▶ _SOURCE MATERIAL_:
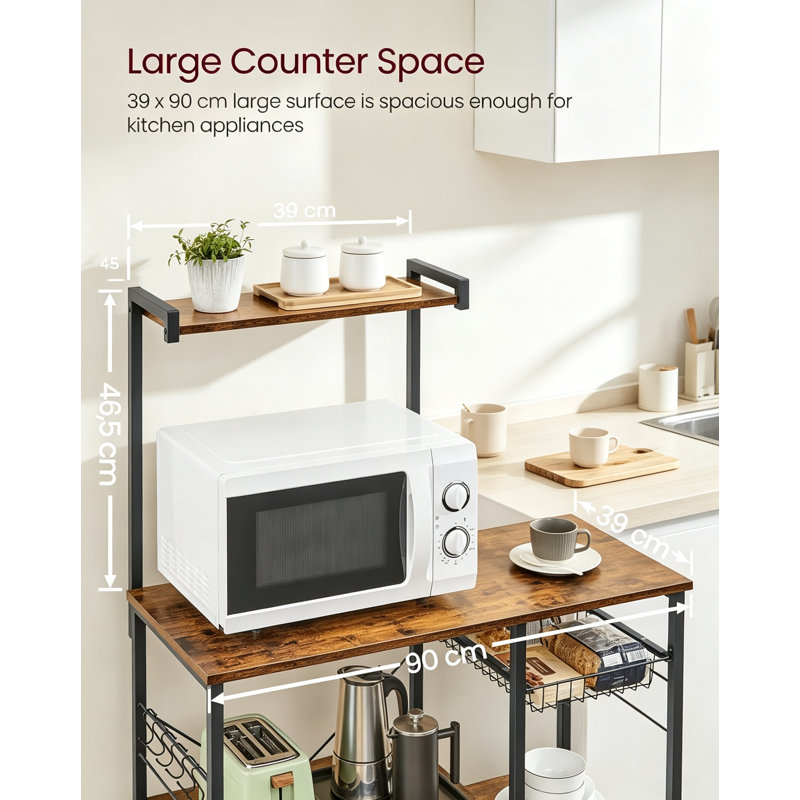 Shelf Baker Rack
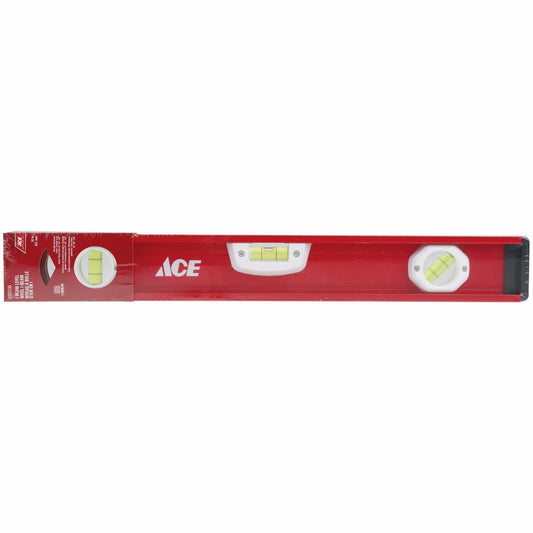 I BEAM LEVEL 18IN ALUMINUM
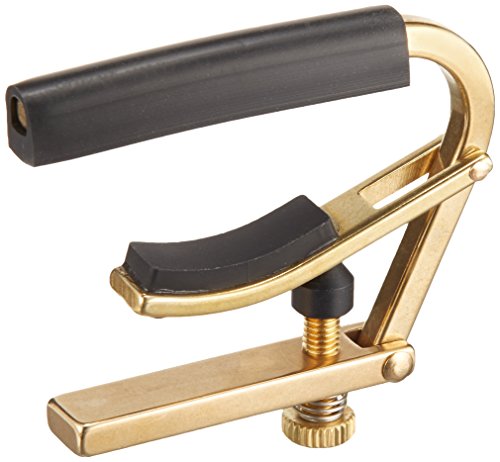 Shubb C1B Brass Capo for Steel String Guitars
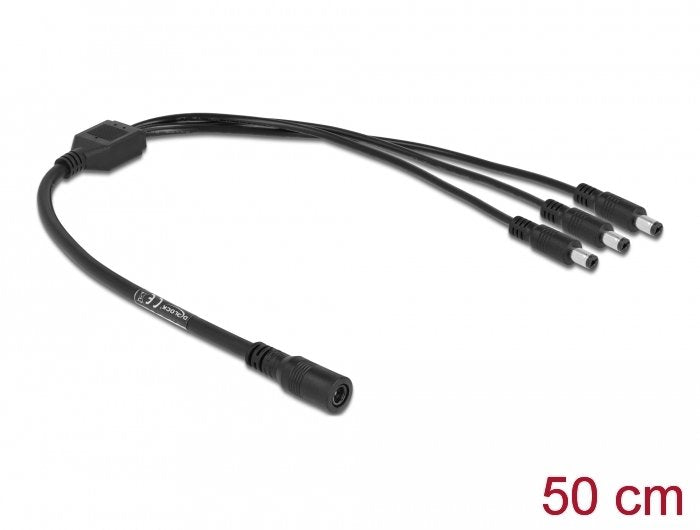 EAN 4043619830213 - DeLOCK 83021 cable de transmisión Negro 0,5 m imagen 2
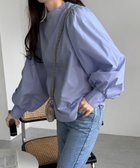 【その他のブランド/Other】の前後2way ボリューム 長袖 シャツ ブラウス ライトブルー|ID: prp329100004528717 ipo3291000000032021982
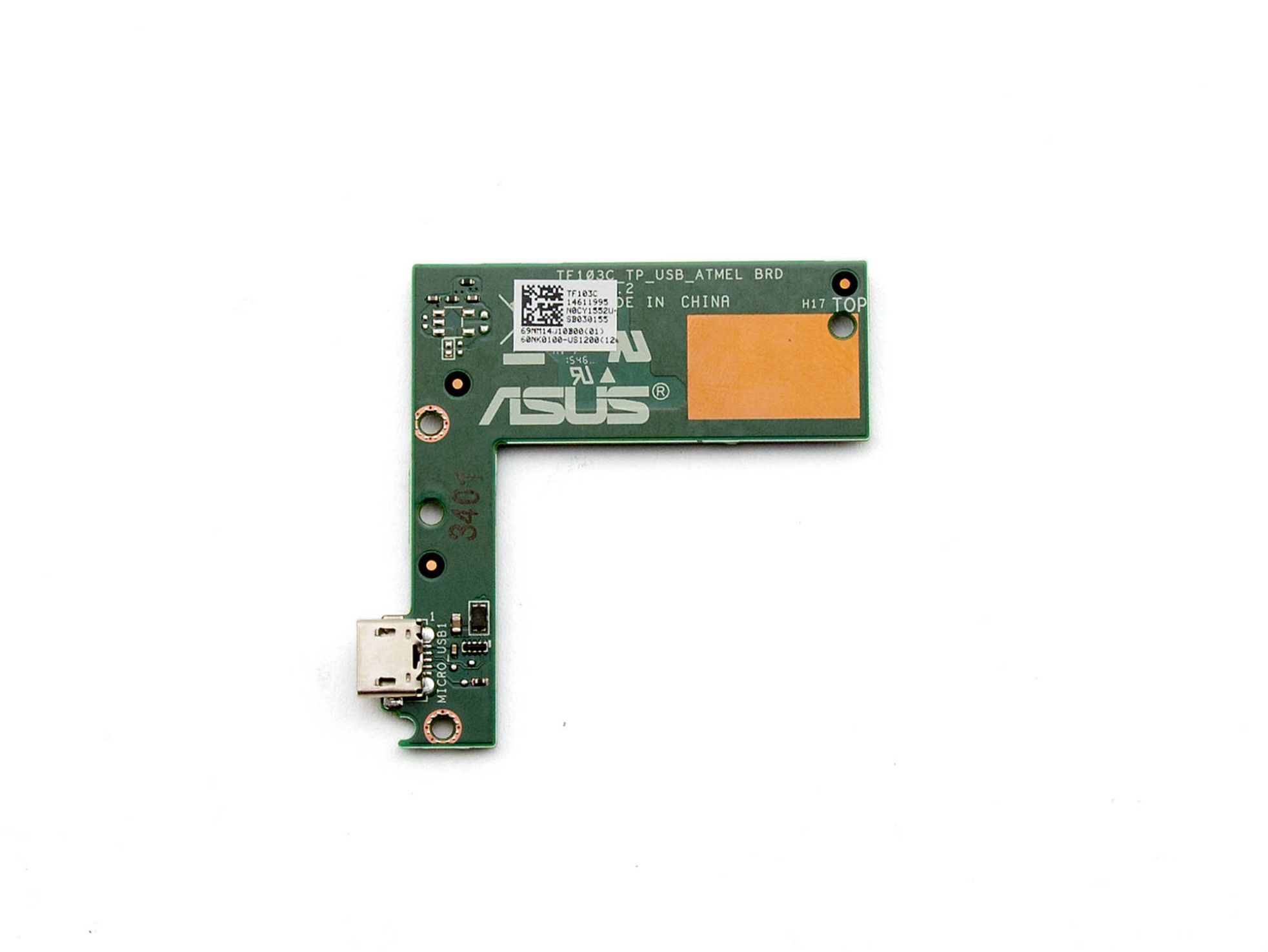 Micro USB Power Board für Asus Transformer Pad (TF103C)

▶ _PROBLEM DETAILS_:
Reproduce the final stretch of lines exactly: the line containing "I BEAM LEVEL 18IN ALUMINUM" through the last line of the data, both included. Pictures do not belong in the copy.

▶ _EXERCISE SOLUTION_:
 I BEAM LEVEL 18IN ALUMINUM
 Shubb C1B Brass Capo for Steel String Guitars
 EAN 4043619830213 - DeLOCK 83021 cable de transmisión Negro 0,5 m imagen 2
 【その他のブランド/Other】の前後2way ボリューム 長袖 シャツ ブラウス ライトブルー|ID: prp329100004528717 ipo3291000000032021982
 Micro USB Power Board für Asus Transformer Pad (TF103C)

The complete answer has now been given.